In his address before Congress yesterday evening, President Barack Obama laid out a jobs plan that included plans for $30 billion in new money to stave off teacher layoffs, along with another $30 billion to revamp decaying school facilities and community colleges. The proposals are a part of the Americans Jobs Act – a $447 billion legislative package expected to be introduced into Congress next week – that Obama told lawmakers to pass “right away.” According to Education Week, K-12 schools could get up to $25 billion for renovations, which administration officials estimate could pay for makeovers of at least 35,000 public schools. That construction money could be used for emergency repairs and renovations, energy efficiency updates, and asbestos removal. Schools also could use the money to build new science and computer labs, and to update technology. These proposals have greatly pleased America’s two largest teachers unions, according to the Huffington Post.

Add one more supporters to extending Chicago’s school day: U.S. Secretary of Education Arne Duncan. The Chicago Tribune reports the education chief supports the city’s public schools officials’ plans to extend the school day by 90 minutes, a move rejected by the teachers union who wants a larger pay raise for teachers than the 2 percent increase the city is offering. Duncan is rolling into town today as a part of his Great Lakes region tour. The Huffington Post reports that another elementary school – making that four – voted to stray from the teachers union and approve the  longer day.

In another stop Duncan’s bus tour — Detroit — he said the city’s schools are on the mend. The Associated Press reports Duncan praised Michigan Gov. Rick Snyder and Detroit Public Schools emergency manager Roy Roberts as strong leaders who make tough decisions. In a year, the city’s lowest-performing schools will be lumped together for extra emphasis, with principles and staff empowered to run each. In less hopeful news regarding Detroit, the city’s public schools officials say only roughly 54 percent of students attended the first day of classes on Tuesday.
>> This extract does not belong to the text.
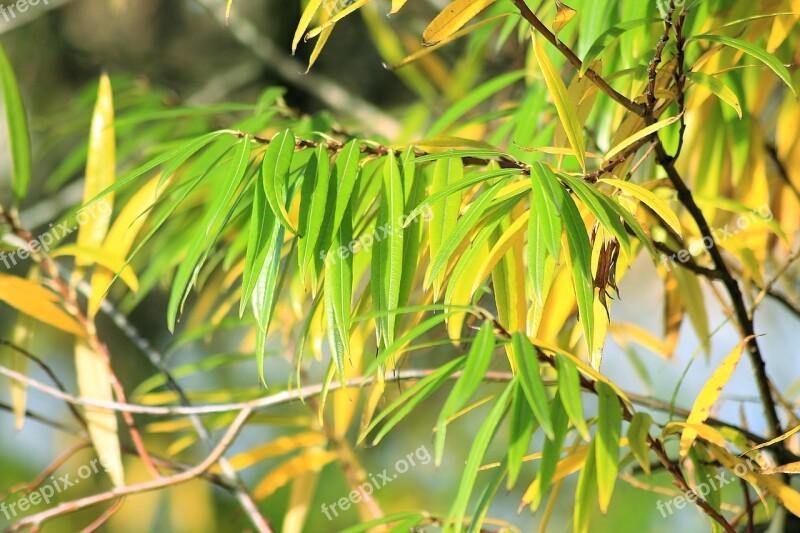 Fall Foliage Green Yellow Leaves Autumn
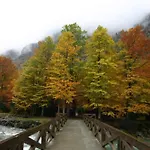 Escalar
In light of a trend of too few students showing up for the first week of school, Roberts launched a campaign this year that included sending attendance agents to knock on doors and getting dozens of preachers to talk about attendance in church on Sunday, according to the Detroit Free Press.

In other Michigan education news, the Detroit Free Press reports state education officials are proposing a steep rise in testing standards that could trigger an equally sharp decline in the number of schools and districts where students are considered proficient in math, reading, science and social studies. The state Board of Education will consider the tougher standards, called “cut scores,” at a meeting Tuesday. In addition, the state’s Senate Republican proposed legislation that could allow student to transfer schools more easily as well as have a broader choice of charter schools and online learning, according to the Associated Press.
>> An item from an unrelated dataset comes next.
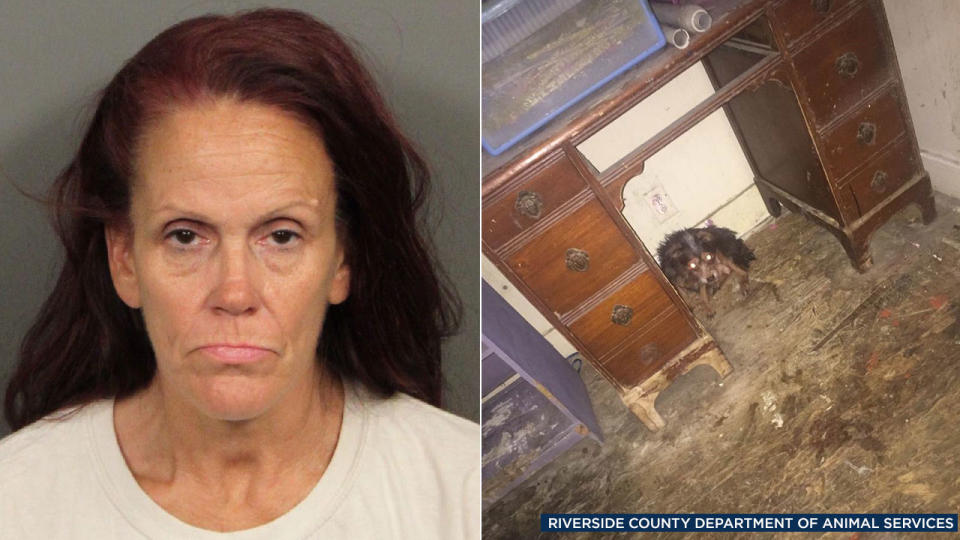 Coachella puppies dumped: Look inside Deborah Culwell's run-down home where 38 dogs were found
New York state teachers may no longer be allowed to administer or their own students’ standardized tests under a series of changes education officials are proposing. The proposals come after cheating scandals erupted in several other states, according to the Wall Street Journal.

More Wyoming public school students will enjoy faster Internet connections thanks to a new contract the state has worked out with the CenturyLink phone company, according to the Associated Press. Gov. Matt Mead announced Thursday that 13 Wyoming towns and cities will have Ethernet capability installed for use in schools.

An annual federal report released Thursday shows that 30 Iowa school districts are “in need of assistance,” a determination under the federal No Child Left Behind Law that will force individual schools to remove administrators, give up some federal funding or, in extreme cases, close, according to the Associated Press.

Despite losing out on the state’s application to Race to the Top last year, Connecticut officials they are again pursuing the education grants, this time up to $50 million for early childhood education from the grant program’s next round, according to the Boston Globe.

The Associated Press reports that Arizona Gov. Jan Brewer is implementing an education plan with goals to improve student achievement and create a website to convey information to the public. Goals include increasing third-graders’ ability to meet reading standards, raising the high school graduation rate and doubling the number of students receiving bachelor’s degrees.

More Massachusetts 10th-graders this past spring cleared the MCAS graduation hurdle, but scores for third-grade reading – a critical indicator of future school success – dropped again, according to the latest test results released yesterday, according to the Boston Globe.